Kekerasan itu pun terus berkepanjangan karena mereka didoktrin oleh sejarah konflik masa lalu. Konflik masa lalu itu menjadi doktrin bagi setiap anggota untuk terus mempertahankan keberadaan organisasinya.
Beri pekerjaan
Untuk memutus rantai kekerasan tersebut, kata Muba, hal yang paling mendasar adalah meningkatkan lapangan pekerjaan bagi masyarakat. Kalau ada lapangan pekerjaan yang layak, masyarakat akan lebih senang bekerja dengan normal daripada melalui cara-cara kekerasan.
Kalau ada lapangan pekerjaan yang layak, masyarakat akan lebih senang bekerja dengan normal daripada melalui cara-cara kekerasan.
“Saya pernah bertanya langsung kepada beberapa anggota organisasi kepemudaan.

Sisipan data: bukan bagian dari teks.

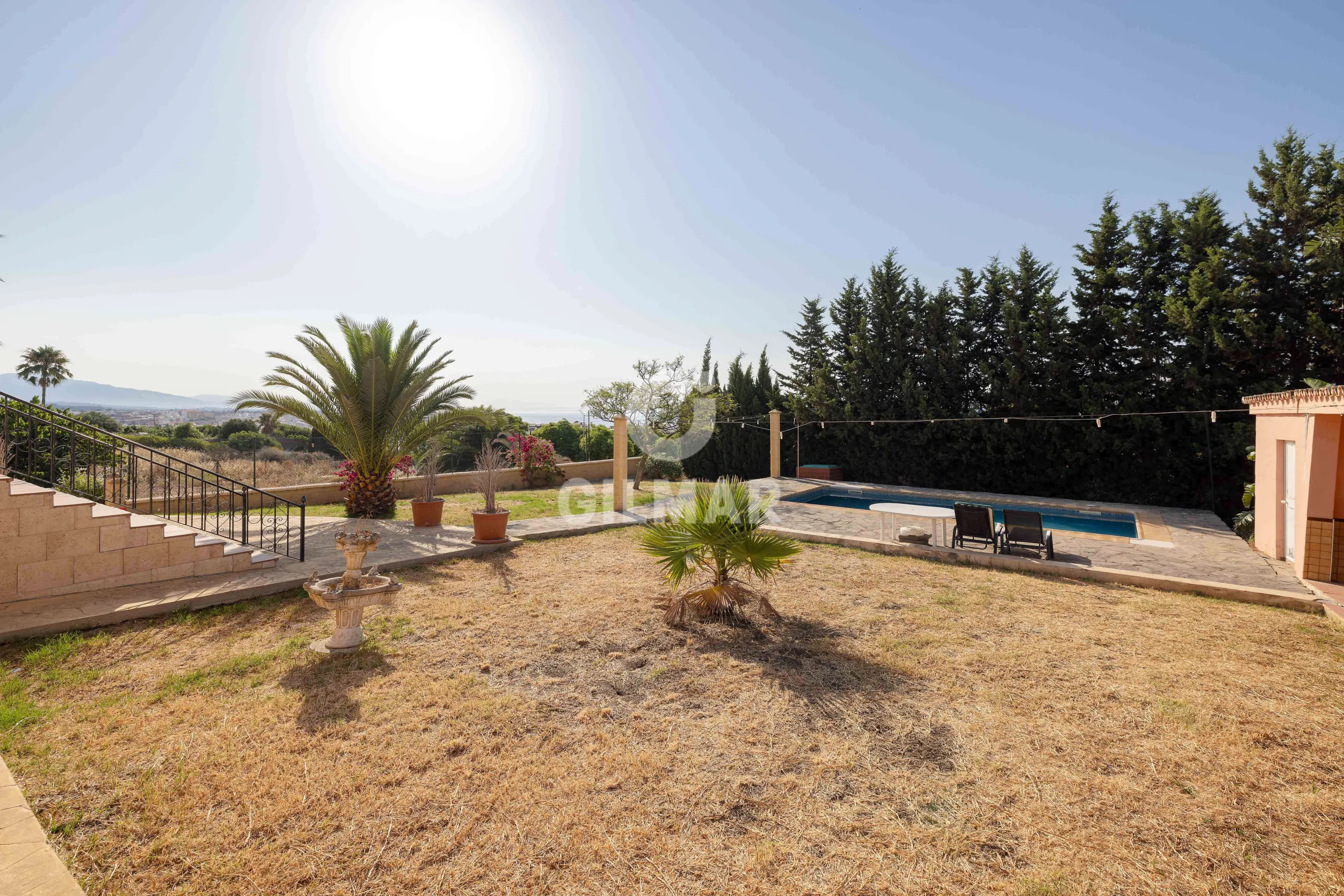 Chalet Independiente en Estepona - Málaga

Mereka semua tidak ada yang senang melakukan pekerjaan seperti itu. Namun, mereka tidak punya pilihan pekerjaan lain. Mereka pun terjebak dalam lingkaran kekerasan karena menggantungkan hidup pada organisasi kepemudaannya,” katanya.

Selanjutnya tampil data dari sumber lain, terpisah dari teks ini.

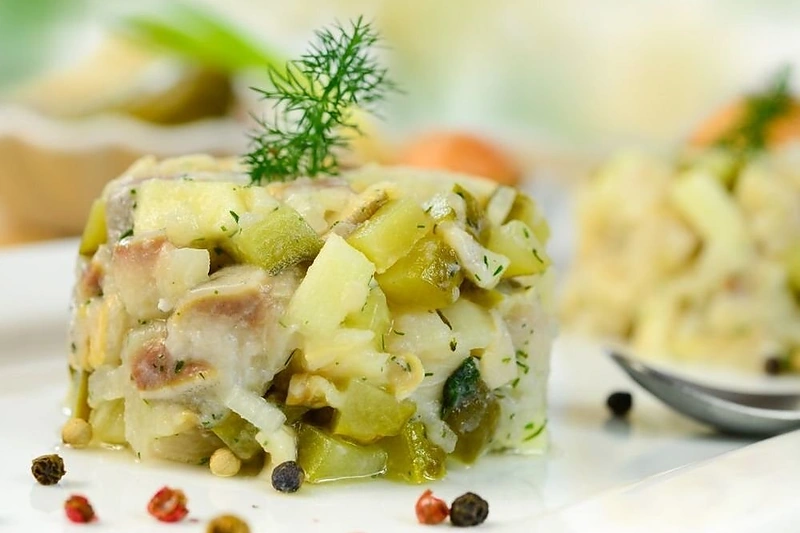 Vokiškos silkės salotos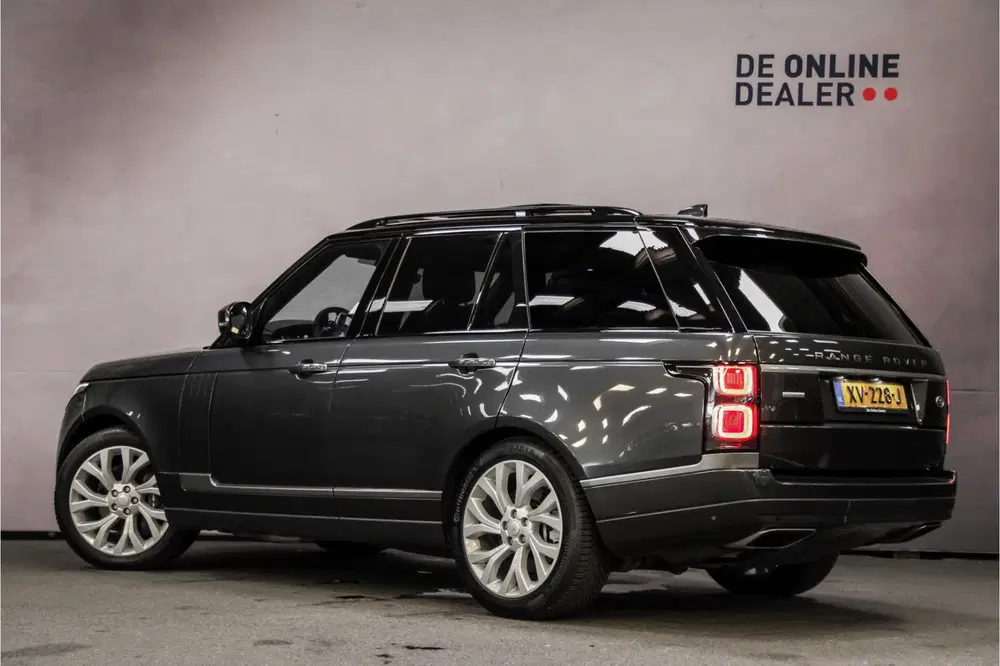Land Rover Range Rover P400e Autobiography uit 2019, foto 4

Penyebab lainnya, kata Muba, ada semacam kebanggaan semu di tengah masyarakat jika bergabung dengan organisasi kepemudaan. Bahkan banyak orangtua yang merasa senang ketika anaknya bergabung dengan organisasi kepemudaan. Ini turut mendorong tumbuh suburnya kekerasan.
Muba mengatakan, polisi harus melakukan penegakan hukum yang tegas terhadap semua pelanggaran yang dilakukan organisasi kepemudaan untuk memutus rantai kekerasan. Tidak hanya kekerasan antar organisasi. Yang paling penting adalah memutus kekerasan terhadap masyarakat. Banyak para pengusaha yang harus menyetor “uang keamanan” agar usahanya tidak diganggu.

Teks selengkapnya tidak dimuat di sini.